Let $(X,\Sigma,\mu)$ be a finite measure space with $f\in L^1$. Let $\Sigma'\subset\Sigma$ be a sub sigma algebra. I want to show the existence of $g:X\to\mathbb{R}$ such that $g$ is $\Sigma'$ measurable with $$ \int_A g\ d\mu = \int_A f\ d\mu $$ for $A\in\Sigma'$.
My attempt. I want to take $g=f$ a.e. so that the integral condition is easily satisfied. However this does not make $g$ $\Sigma'$-measurable, only $\Sigma$ measurable. To fix this, I'm thinking to take $$ g = \begin{cases} \infty,\ \text{ on null sets in }\Sigma' \\ f,\ \text{ else} \end{cases} $$ Will this make $g$ $\Sigma'$ measurable? I.e. is $g^{-1}((\alpha,\infty])\in\Sigma'$ for all $\alpha\in\mathbb{R}$? I don't think so but I'm stuck with what to do if not.

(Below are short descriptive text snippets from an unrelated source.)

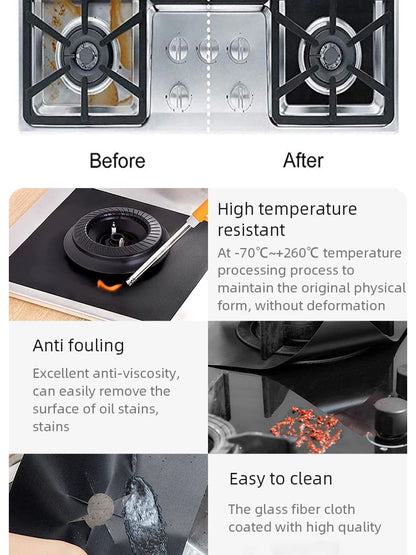 4 Pieces 27 Cm Gas Stove Surface Protection Pad Washable Oil And Dirt Resistant Kitchen Cleaning Accessories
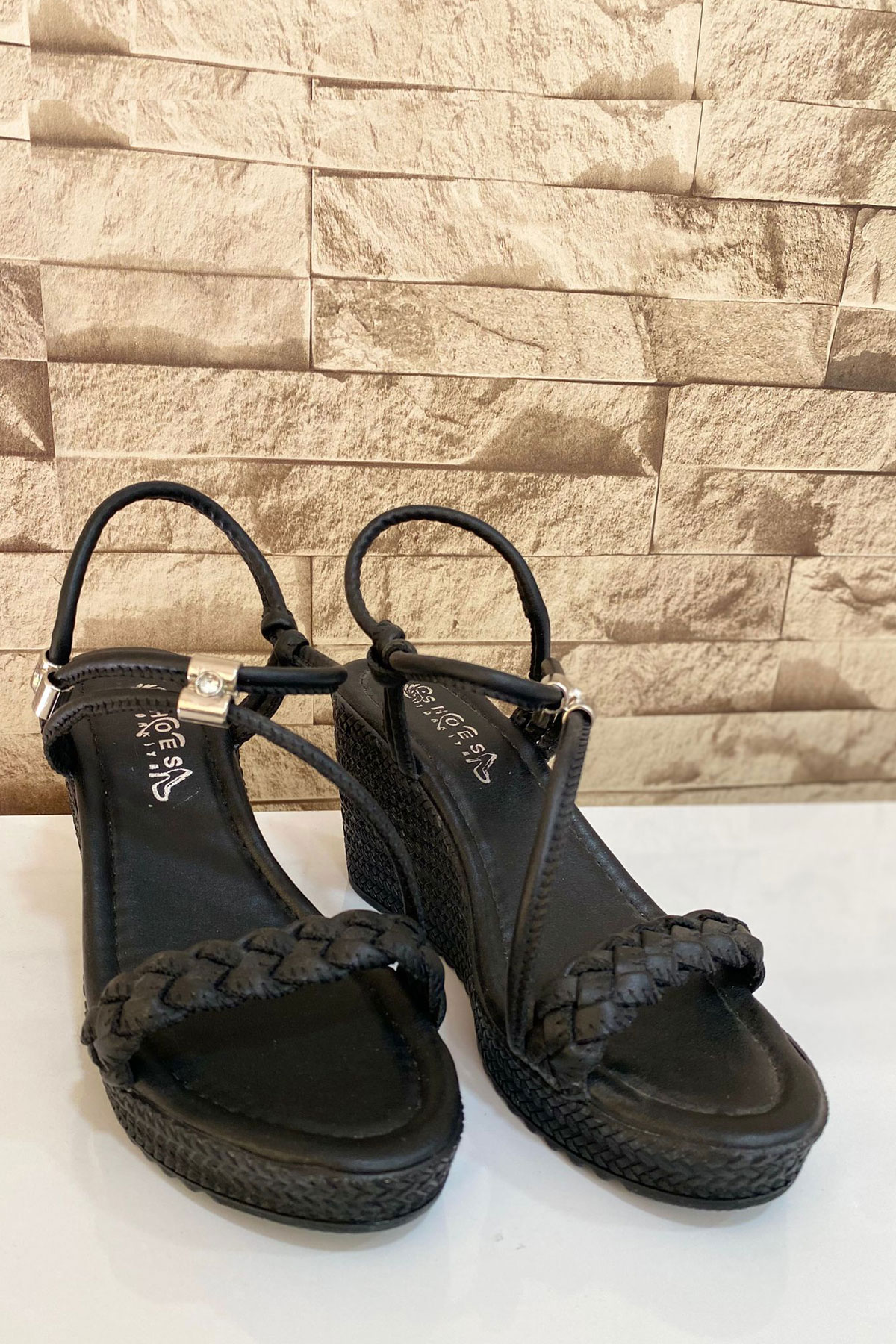 Kadın Örgü Tedaylı 8 cm Dolgu Topuklu Sandalet 4010-123-0002 - Görsel 2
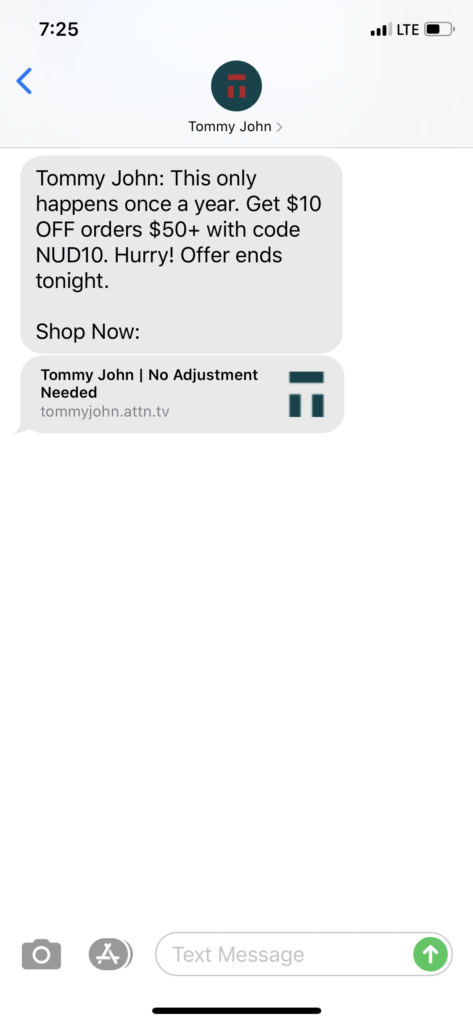 Tommy John Text Message Marketing Example - 08.05.2020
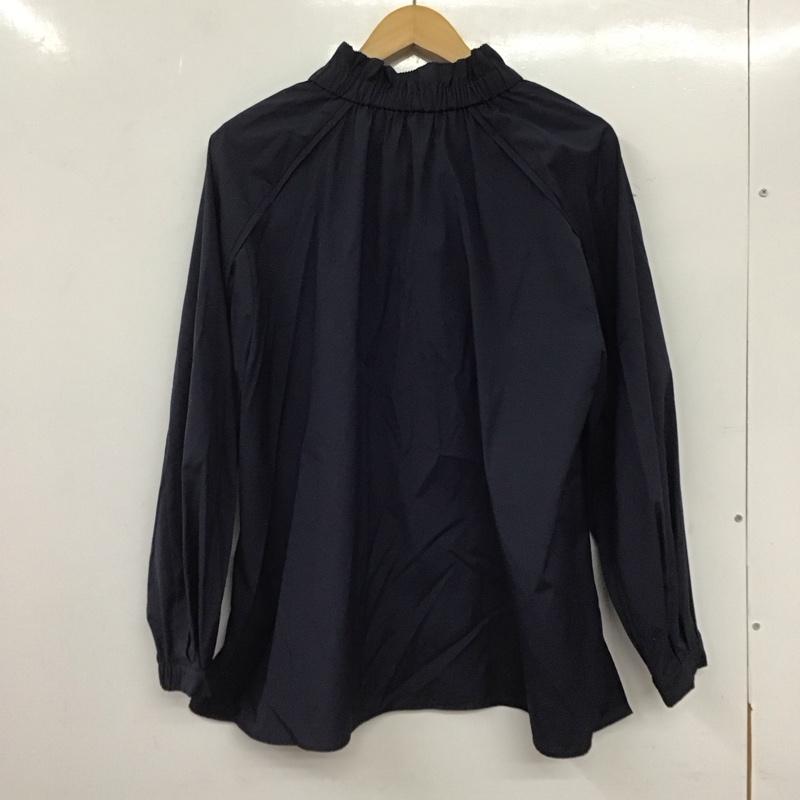 グリーンレーベルリラクシング green label relaxing シャツ、ブラウス 長袖 3611-199-1986 ブロード フリルカラー ブラウス 無地 紺 / ネイビー /  レディース USED 古着 中古 10136911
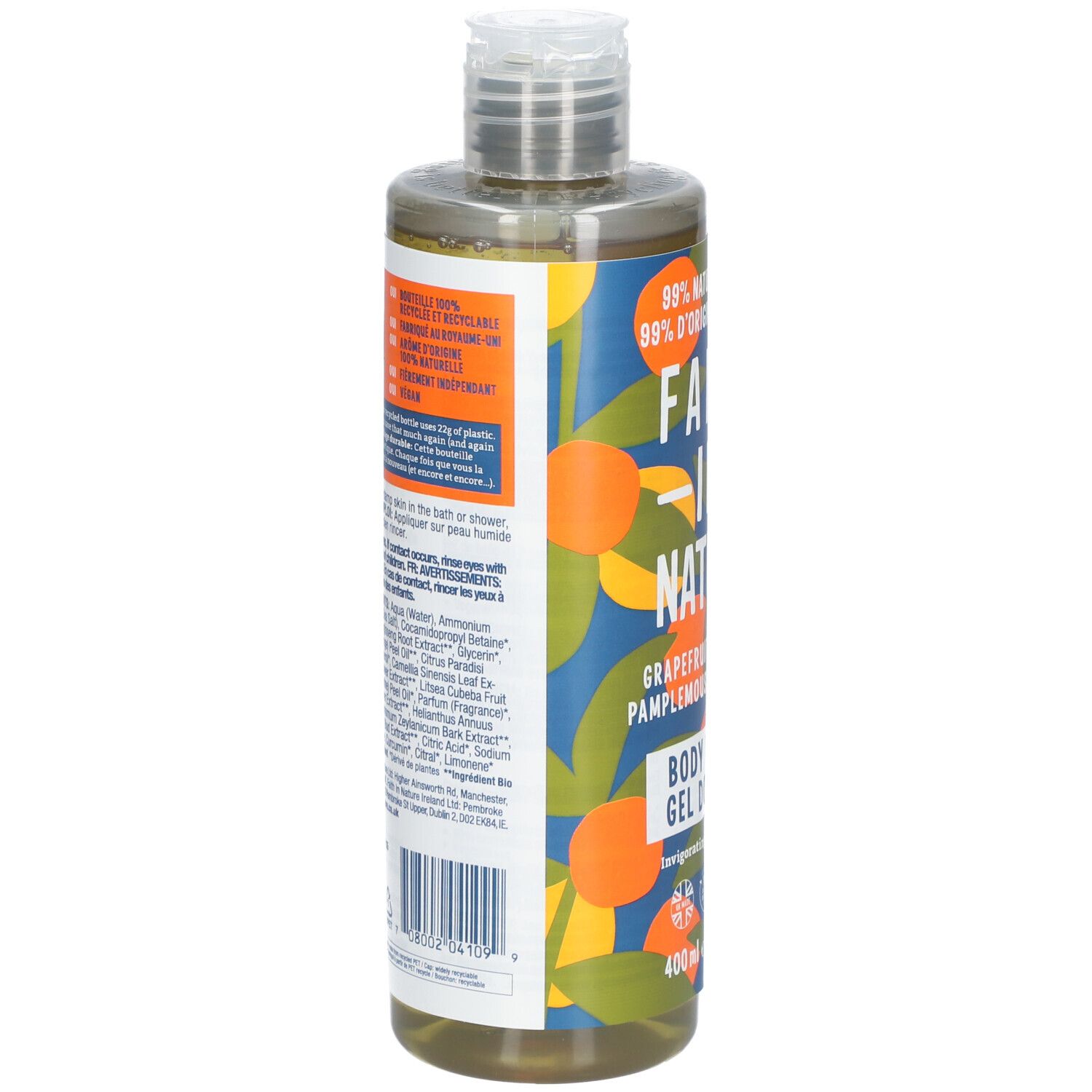 Dos de la bouteille de gel douche. Informations sur les ingrédients et l'utilisation. Bouteille 100% recyclable.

Use the Radon-Nikodym theorem.
First, define $\nu$ on $(X, \Sigma')$ by $$\nu(A) = \int_A f d\mu$$ for all $A \in \Sigma'$. Let $\mu'$ be the restriction of $\mu$ to $(X, \Sigma')$.
We have $\nu \ll \mu'$, so by Radon-Nikodym, there exists an integrable function $g$ on the measurable space $(X, \Sigma')$ that satisfies $$\nu(A) = \int_A g d\mu'$$ for all $A \in \Sigma'$. But $\int_A g d\mu' = \int_A g d\mu$ just by the definition of the integral, and so $$\int_A gd\mu = \int_A f d\mu.$$
Incidentally, in probability $g$ is called a conditional expectation and so we proved that conditional expectations always exist.